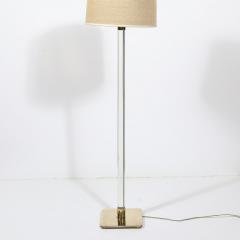 Mid Century Modern Translucent Lucite Polished Brass Floor Lamp signed Hansen - 4038010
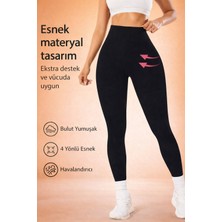 Yüksek Bel Toparlayıcı Siyah Kadın Tayt | Esnek, Rahat, Günlük & Spor Kullanım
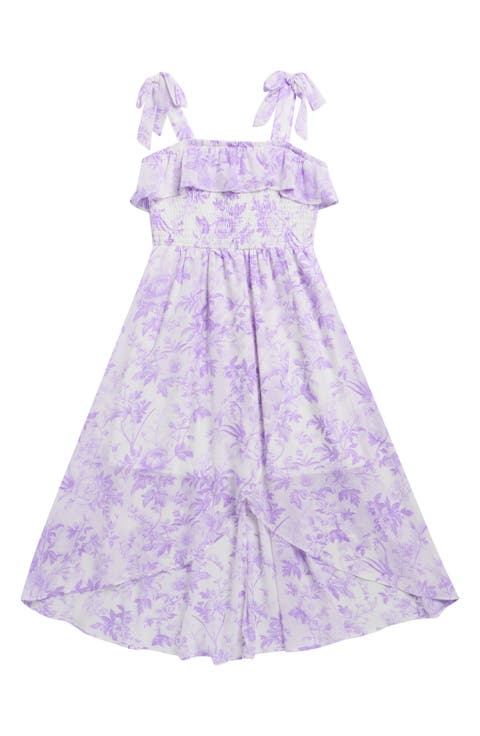 Kids' Print Smocked Chiffon High-Low Dress (Big Kid)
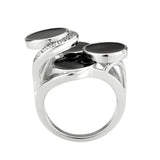 High polished (no plating) Stainless Steel Ring with AAA Grade CZ in Clear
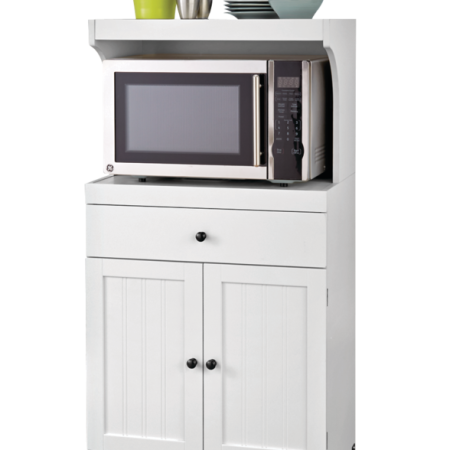 For Living 2-Door 1-Drawer Microwave Cart/Stand Kitchen Storage Cabinet With Wheels, White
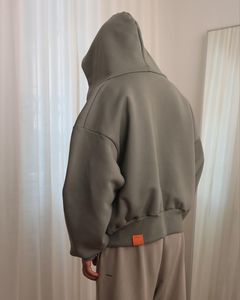 เสื้อฮู้ดซิปผู้ชายทรงโอเวอร์ไซส์ สีเทาล้วน ผ้าเฟรนช์เทอร์รี่ สวมใส่สบายๆ ในฤดูใบไม้ร่วง น้ำหนัก 500 กรัม ถักทอจากผ้าฝ้าย 100% ไม่หดตัว - Product Image 1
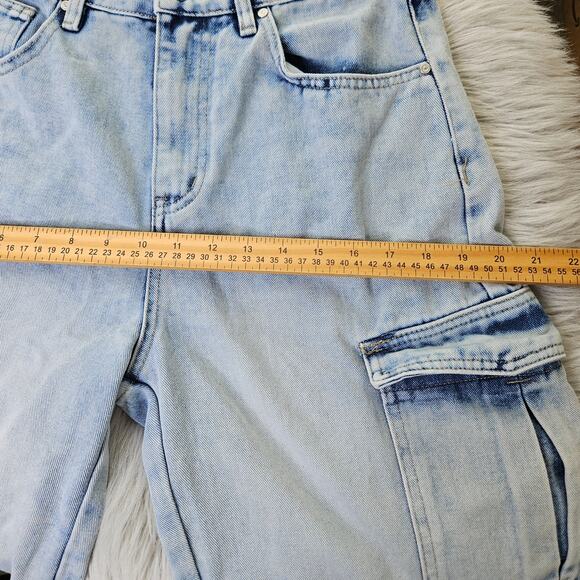 Rise Supply Co Size 7 Acid Wash Cargo Dad Jorts Y2K Utility Denim Streetwear - Picture 11 of 13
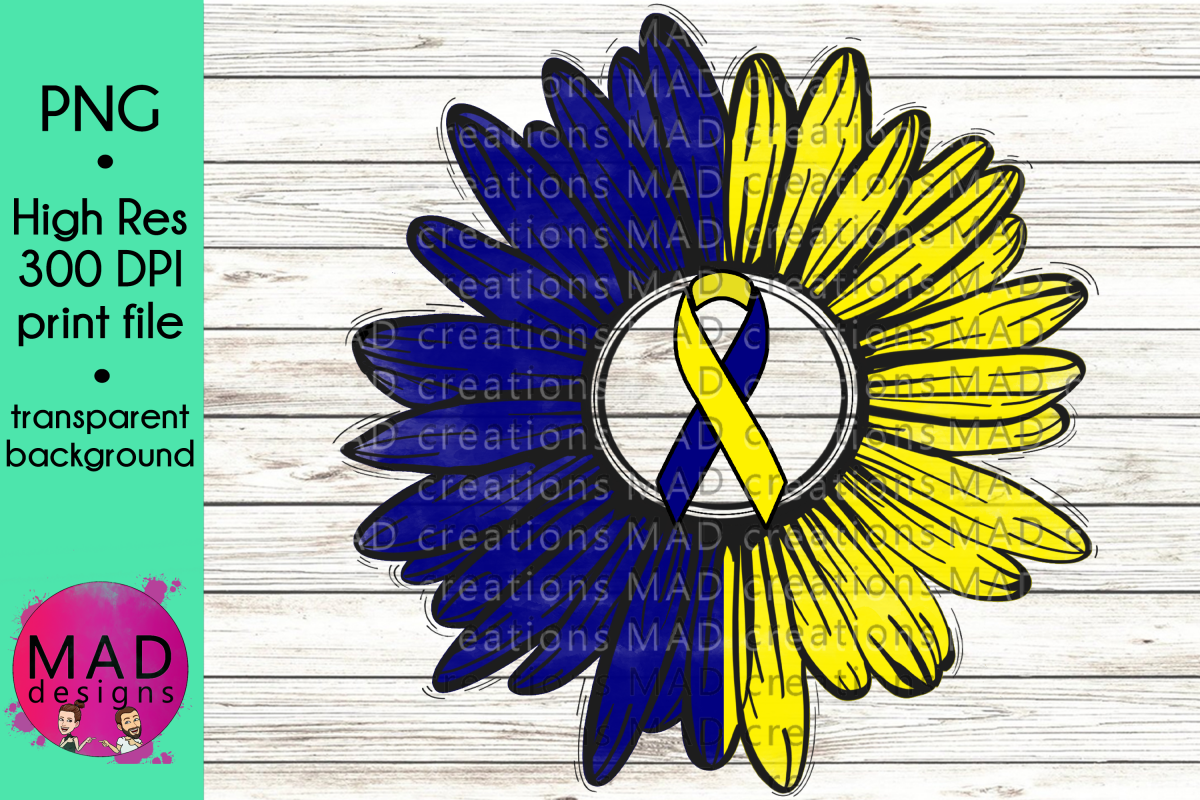 Down Syndrome Awareness - Rustic Sunflower Ribbon example image 1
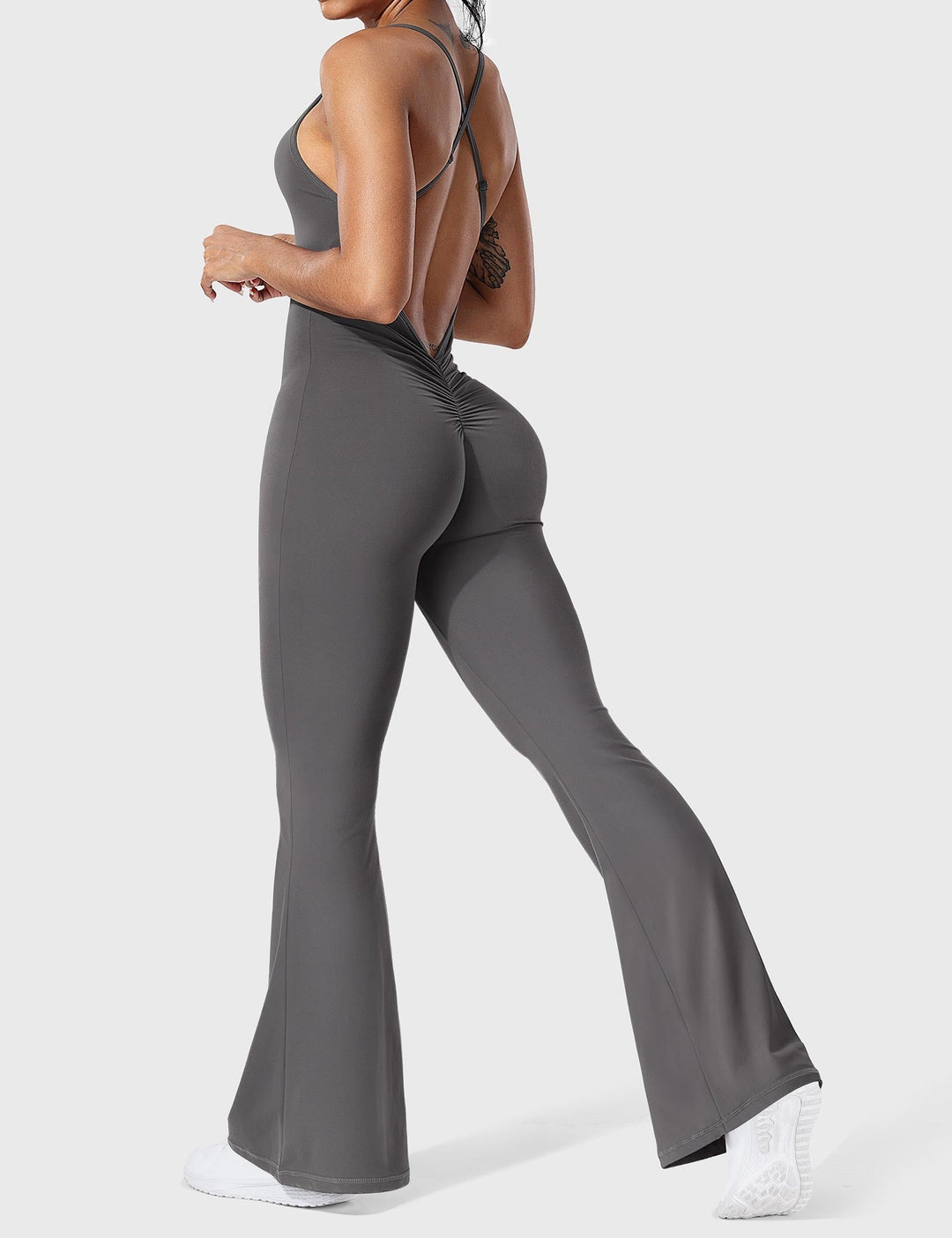 BRUNA™ | V-Back Cross Flared Jumpsuit
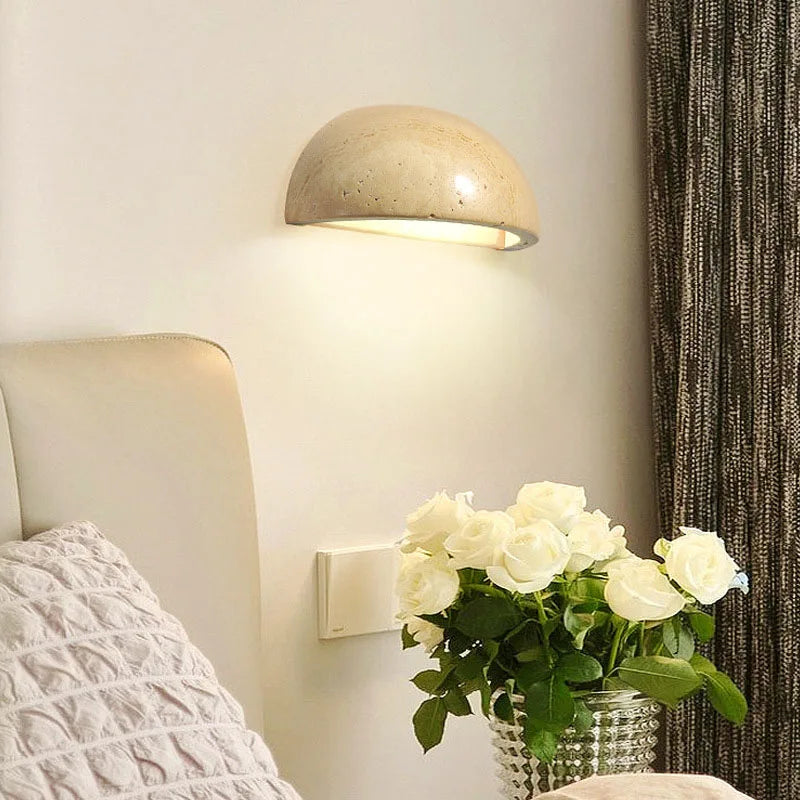 Bedroom bedside lamp designer creative living room background wall yellow cave stone wall light Japanese wabi-Sabi wind resident
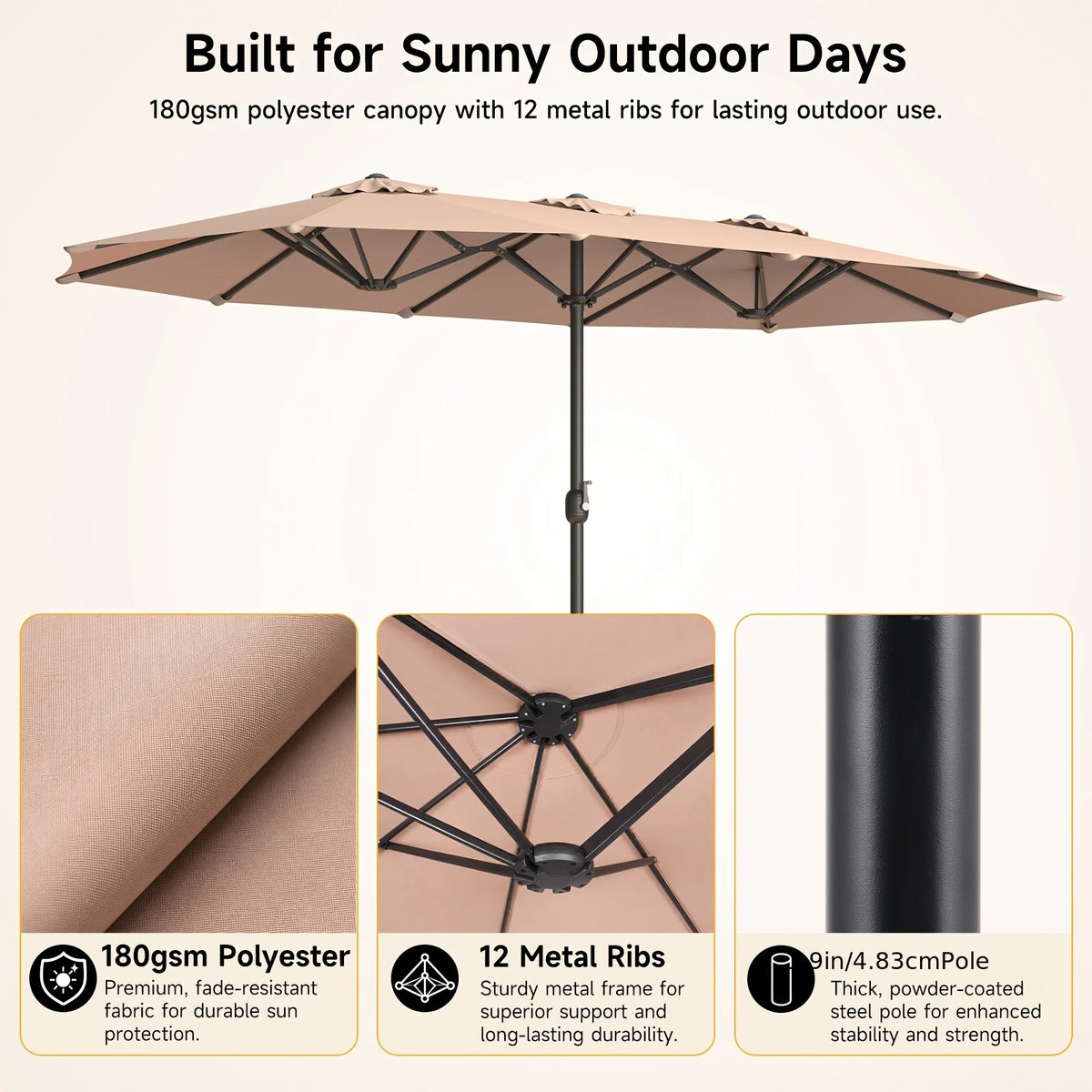 15 ft Double-Sided Rectangle Patio Umbrella with Base – Beige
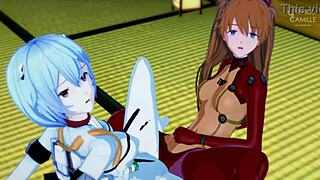 i watch asuka and rei sync their tight juicy pussies in hentai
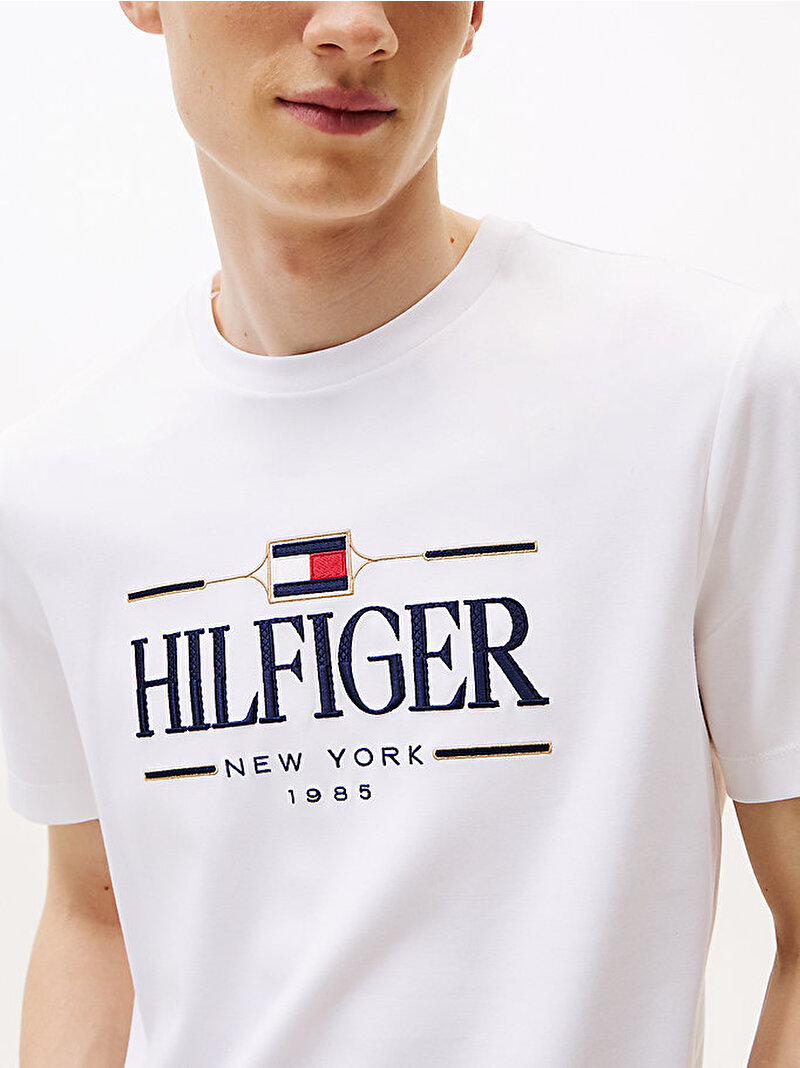 Erkek Icon Hilfiger T-shirt  Beyaz  MW0MW39585YBR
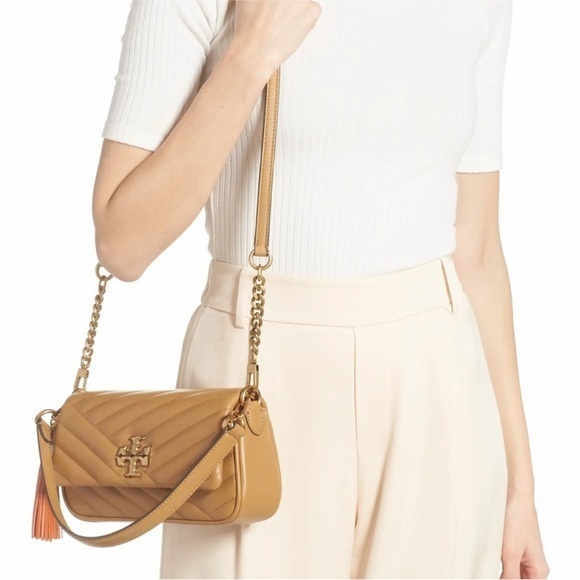 New Tory Burch KIRA CHEVRON TASSEL SMALL FLAP SHOULDER BAG - Picture 1 of 10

* * *

**WORK ITEM**
Extract, word for word, every line from the one containing "Bedroom bedside lamp" to the end of the data above, both ends included, and leave out the pictures.

**OUTPUT OF THE EXERCISE**
 Bedroom bedside lamp designer creative living room background wall yellow cave stone wall light Japanese wabi-Sabi wind resident
 15 ft Double-Sided Rectangle Patio Umbrella with Base – Beige
 i watch asuka and rei sync their tight juicy pussies in hentai
 Erkek Icon Hilfiger T-shirt  Beyaz  MW0MW39585YBR
 New Tory Burch KIRA CHEVRON TASSEL SMALL FLAP SHOULDER BAG - Picture 1 of 10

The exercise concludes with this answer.